O Brasil veio partido em 3 delegações: o grupo do anti-ministro, que pouco entendia do que estava sendo negociado, veio produzir factóides para a mídia brasileira e as suas redes sociais blosonaristas; o Itamaraty, envergonhado, impotente, entrincheirado em velhas posturas como aquela da “dupla contagem” no sucedâneo do MCL e totalmente escanteado daquele papel de articulação que costumava exercer. E tivermos a delegação sociedade civil brasileira, dessa vez excluída, da brasileira,m pela primeira numa COP, com brasileiros ilustreis usando credenciais do Chile, do Egito e de uma pletora de entidades internacionais para poder entrar na chamada “Zona Azul”. Ganhei uma do ICLEI.
Diferente de quase todos os outros países cujos pavilhões eram bancados pelos governos, o nosso foi da sociedade civil, organizado pelo Instituto Clima e Sociedade (ICS) e virou o ponto de encontro e debate dos ativistas, cientistas, indígenas, governadores, prefeitos, parlamentares e jovens, brasileiros e de outros países.
Fora do processo negociador propriamente dito houve alguns anúncios de avanços parciais: a Colômbia e a Indonésia negociaram um similar do Fundo tipo Amazônia para eles. O nosso o governo Bolsonaro com prejuízos bilionários. Inventu um factoide sua sua reativação, desmentido pela alemães.
Os estados da Amazônia assinaram termos de cooperação, inclusive com a França, que ajudei a articular falando com o representante do Macron, Podem ter resultado mas demora.

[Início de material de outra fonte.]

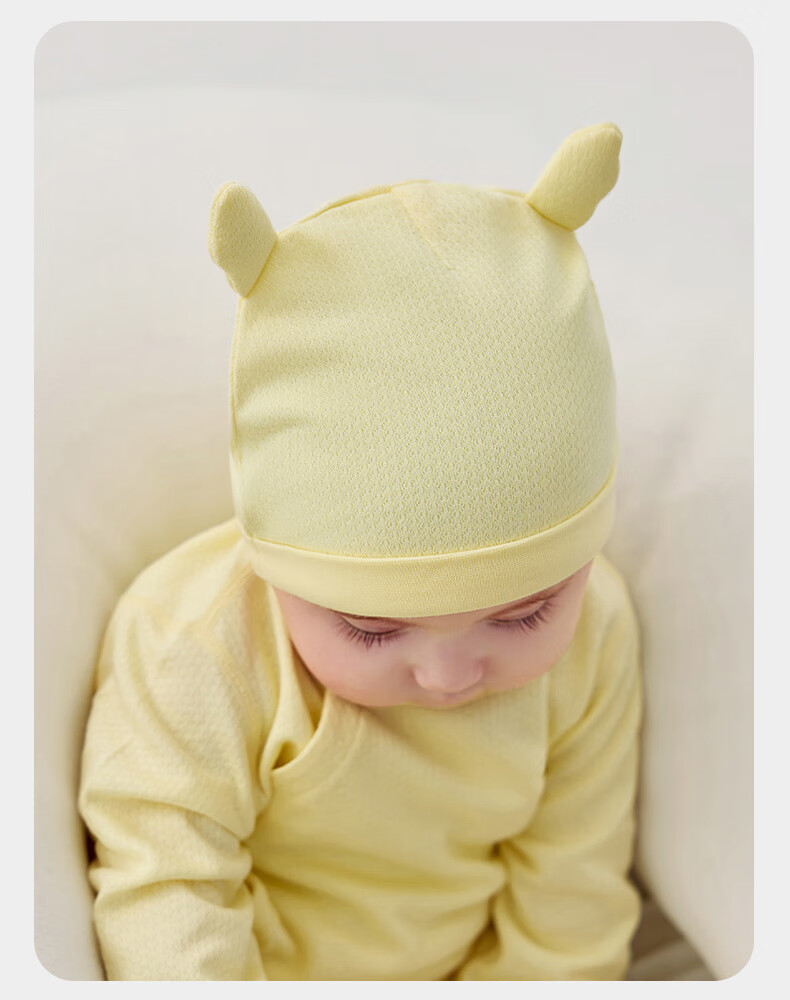 Babycare Camellia Newborn Infant Soft Cap Sea Salt Blue S 22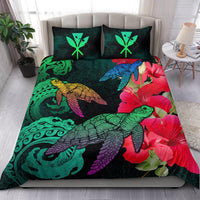 Hawaii Bedding Set - Hawaii Turtle Wave Hibiscus Bedding Set - Unia Style - Polynesian Pride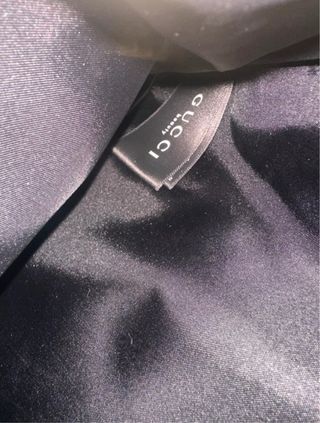 New and unused original velvet Gucci beauty clutch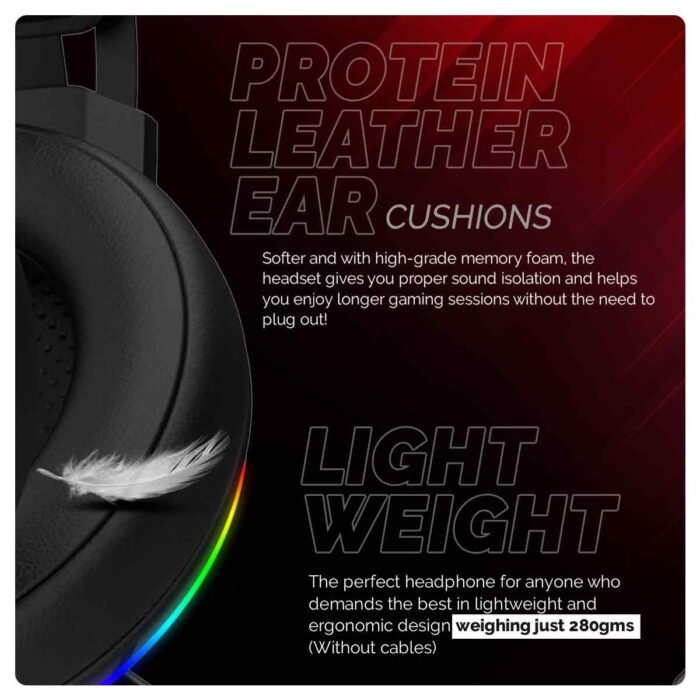 Cosmic Byte Proteus Headset Dual Input USB and 3.5mm, 7.1 Surround Sound, RGB LED, ENC Microphone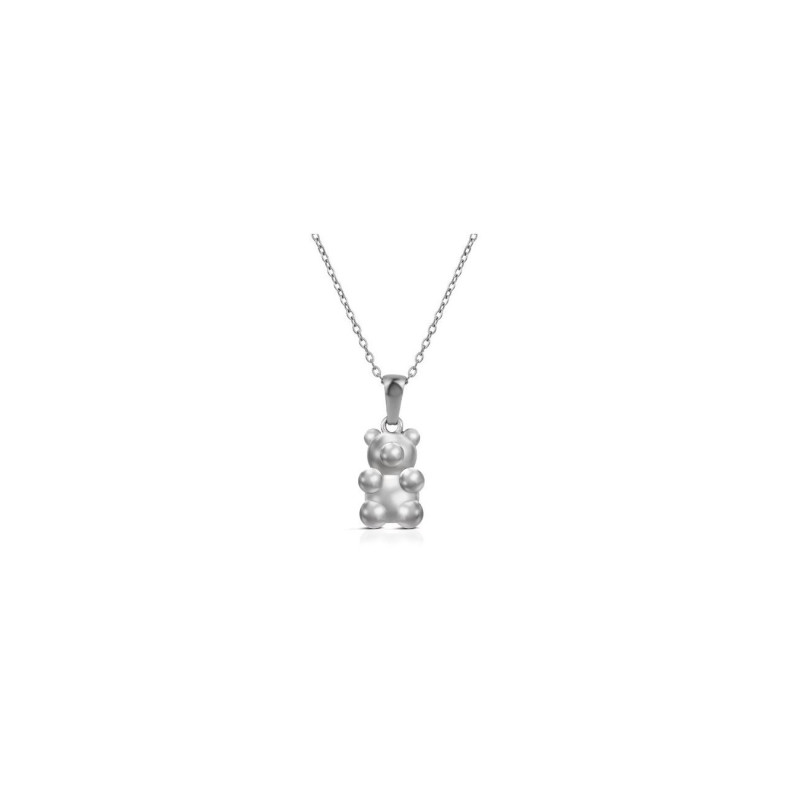 Collana Donna Ops Jewels OPSCL-1037 in Acciaio Silver con Orso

O fato mais positivo foi o anúncio da União Europeia se comprometendo, unilateralmente, com uma meta de neutralidade de emissões em meados do século no que pese a resistência da Polônia. Também avançaram na concepção de de uma "tarifa verde" para importações. Foi o que sugeri ao chanceler Jean Yves Le Drian quando nos encontrou no Rio de Janeiro, provocando aquela adida ao barbeiro do Bolsonaro. É algo bom para o Brasil porque nosso produtos tem menos intensidade de carbono pelo fato da nossa energia ser mais limpa. Eu havia sugerido aquilo que os franceses chamam de bonus-malus uma tarifa condizente com parâmetros climáticos.
Mas a Europa não é decisiva, deve cumprir sua NDC e possivelmente ir além mas estamos aqui falando de um décimo das emissões globais.Uma andorinha não faz verão... A chave está nas mãos da China, Índia e EUA. O Brasil, o Japão, a Indonésia e a Rússia têm um peso significativo. A Africa e outra partes da Ásia terão futuramente por isso precisam ser olhadas desde agora.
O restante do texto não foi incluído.